I have the following string (japanese) " ユーザー名" , the first character is "like" whitespace but its number in unicode is 12288, so if I do " ユーザー名".trim() I get the same string (trim doesn't work). If i do trim in c++ it works ok. Does anyone know how to solve this issue in java? Is there a special trim method for unicode?
+2
A:
From the java docs, it explains why this doesn't work.
If this String object represents an empty character sequence, or the first and last characters of character sequence represented by this String object both have codes greater than '\u0020' (the space character), then a reference to this String object is returned.
You could role your own version easily enough. perhaps the method codePointAt could be used for this purpose.

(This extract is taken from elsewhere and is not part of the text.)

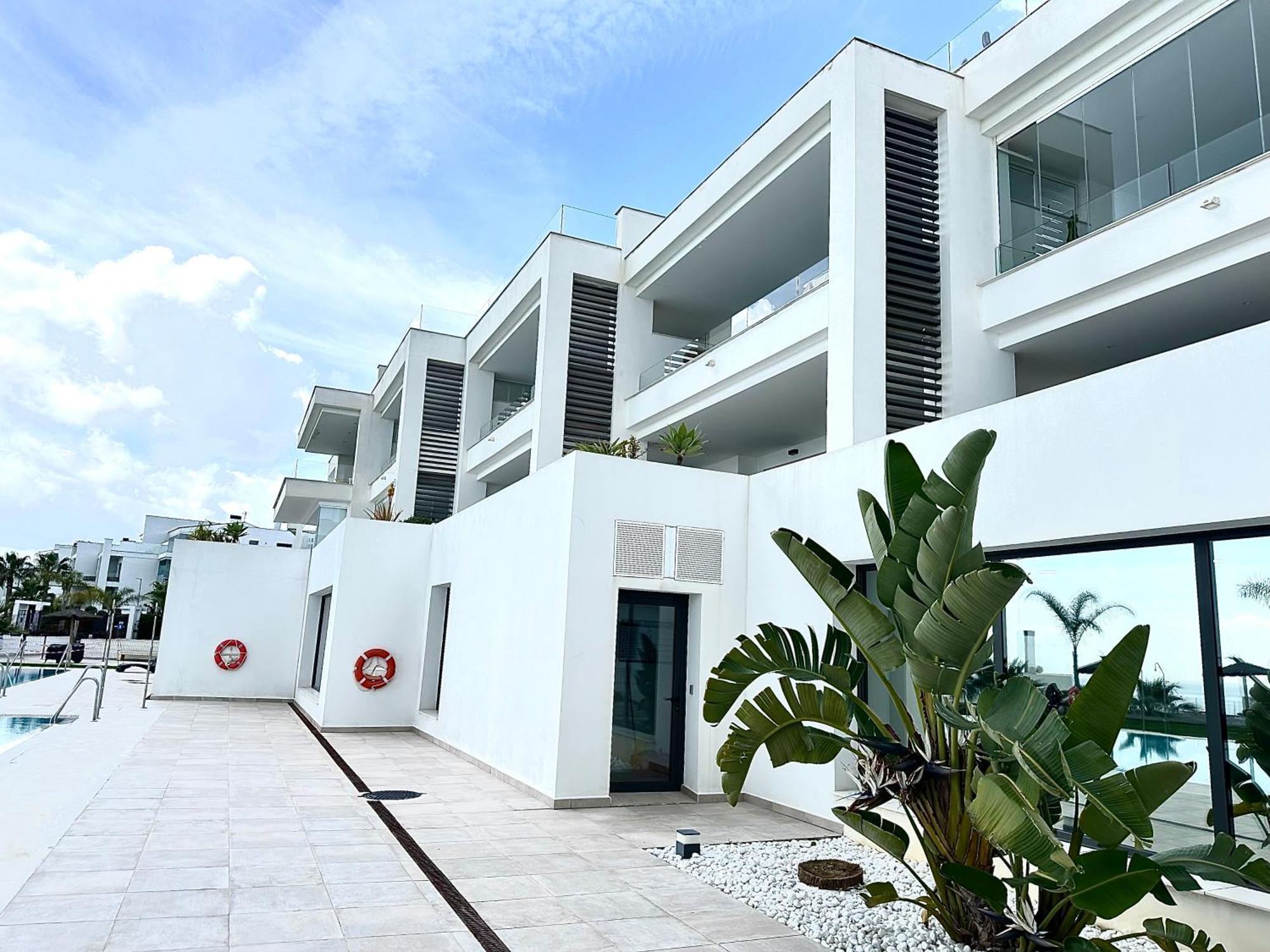 321 - Luxury Penthouse With Amazing Views San Roque (Andalucia) Exterior foto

http://java.sun.com/j2se/1.5.0/docs/api/java/lang/String.html
Paul Whelan
2009-01-26 13:47:41
+2
A:
You'll have to write your own trim() method based on Character.isWhitespace() - unfortunately, trim() does not do what its API doc claims: it strips only ASCII spaces, not any other kind of whitespace.
Michael Borgwardt
2009-01-26 13:47:48
+3
A:
Try the Apache Commons' StringUtils class. The StringUtils.strip() method should work for you.
Mike Sickler
2009-01-26 13:48:32
+4
A:
Have a look at Unicode Normalization and the Normalizer class. The class is new in Java 6, but you'll find an equivalent version in the ICU4J library if you're on an earlier JRE.
int character = 12288;
char[] ch = Character.toChars(character);
String input = new String(ch);
String normalized = Normalizer.normalize(input, Normalizer.Form.NFKC);
System.out.println("Hex value:\t" + Integer.toHexString(character));
System.out.println("Trimmed length :\t"
+ input.trim().length());
System.out.println("Normalized trimmed length:\t"

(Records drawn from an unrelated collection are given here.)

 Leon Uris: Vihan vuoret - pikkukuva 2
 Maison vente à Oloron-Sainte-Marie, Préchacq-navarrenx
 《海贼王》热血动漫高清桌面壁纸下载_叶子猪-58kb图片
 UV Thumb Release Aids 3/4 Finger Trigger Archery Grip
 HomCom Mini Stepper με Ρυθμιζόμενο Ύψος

+ normalized.trim().length());
McDowell
2009-01-26 14:13:05
+3
A:
As an alternative to the StringUtils class mentioned by Mike, you can also use a Unicode-aware regular expression, using only Java's own libraries:
" ユーザー名".replaceAll("\\p{Z}", "")
Or, to really only trim, and not remove whitespace inside the string:
" ユーザ ー名 ".replaceAll("(^\\p{Z}+|\\p{Z}+$)", "")
Fabian Steeg
2009-01-26 14:25:50
this will also replace the white character in the middle of the string
pablito
2009-01-26 14:32:54
Had just fixed it.
Fabian Steeg
2009-01-26 14:33:53
second choice is good, thanks
pablito
2009-01-26 14:34:00
Be warned that regular expressions are *much* slower than the standard trim() method. If performance is a problem (or becomes one), it would probably be worth your time to write your own trim() without the regex. At the very least, use a compiled Pattern to do the replaceAll().
Michael Myers
2009-01-26 15:40:18
hmm, not generalizable to other languages. I much prefer the ICU4J method.
Phil
2009-01-26 15:53:49
Phil, I'm not sure I understand your comment, why is it not generalizable to other languages? It should work for all Unicode whitespace.
Fabian Steeg
2009-01-26 16:42:34